Indianapolis Mayor Greg Ballard praised the project.

“This National Science Foundation grant will go a long way toward fulfilling my goal of improving Indy neighborhoods through trails, connectivity, and enhanced waterways,” he said. “This unique connection of art, science and trails will provide great new places for families, walkers, runners, and cyclists to see our beautiful city and perhaps even learn a thing or two in the process. Congratulations to Butler University, its Center for Urban Ecology and the many other organizations that partnered to win this grant.”

In addition to ROW, CUE submitted the proposal in partnership with:

-IUPUI's Center for Urban Health, for research and formative evaluation.

-New Knowledge Organization Ltd., for research and front-end evaluation.

-Mary Miss Studio, for visual art curation.

-Butler University’s Department of Dance, for dance curation.

-DaVinci Pursuit, for artist and scientist collaborative engagement.

-The Children's Museum of Indianapolis, for programming and dissemination.

-The Goods, for public relations and dissemination.

-The Kinetic Project, for web, app development and music curation.

-Poets House, for poetry curation.

-Lifelong Learning Group, for summative evaluation.

The project was one of 13 selected from more than 400 proposals. Grant requests could not exceed $3 million.

Carter said the ultimate goal of this project is to help people to understand connections between their daily activities, the science of the city’s water system – where water comes and goes, where stormwater flows, what lives in the water – and scientific thinking in general. He hopes it will provoke the public to ask questions and test their prior knowledge about their surroundings, which could result in a new appreciation for the waterways as an asset in their neighborhoods.

“This will hopefully result in a new way that the art is created and a novel approach to interpreting science,” he said. “The aim is to creatively provide a way for people to engage with their waterway, learn about the water system adjacent to their neighborhoods, and understand that the city they experience every day is itself a living laboratory.”

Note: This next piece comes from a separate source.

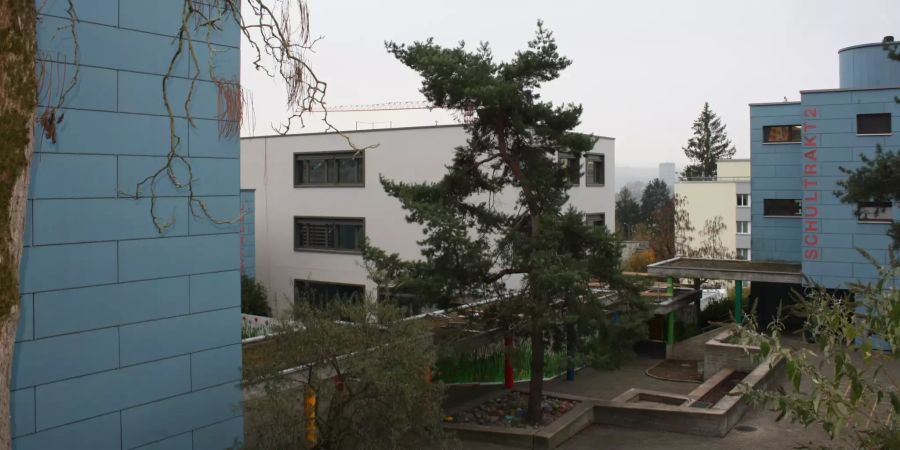 Das Schulhaus Huebwiis in Geroldswil.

For more information about the project, please visit www.ourwaterways.org/icall.

About Butler University

Butler is a nationally recognized comprehensive university encompassing six colleges: Arts, Business, Communication, Education, Liberal Arts and Sciences, and Pharmacy and Health Sciences. Together, these colleges offer more than 60 undergraduate majors, eight pre-professional majors, one first professional, and 19 master’s degrees. Around 4,700 students are enrolled at Butler, representing 45 states and 49 countries. Ninety-five percent of Butler students will have participated in some form of internship, student teaching, clinical rotation, research, or service learning by the time they graduate. This community-centered immersion is coupled with classroom learning that nurtures critical thinking, effective communication, cooperative teamwork, and ethical decision making, in an effort to prepare students for both professional success and to have lasting impact in their communities. Butler’s overall placement rate for the class of 2012 was 94 percent, including 19 percent who went on to graduate or professional school.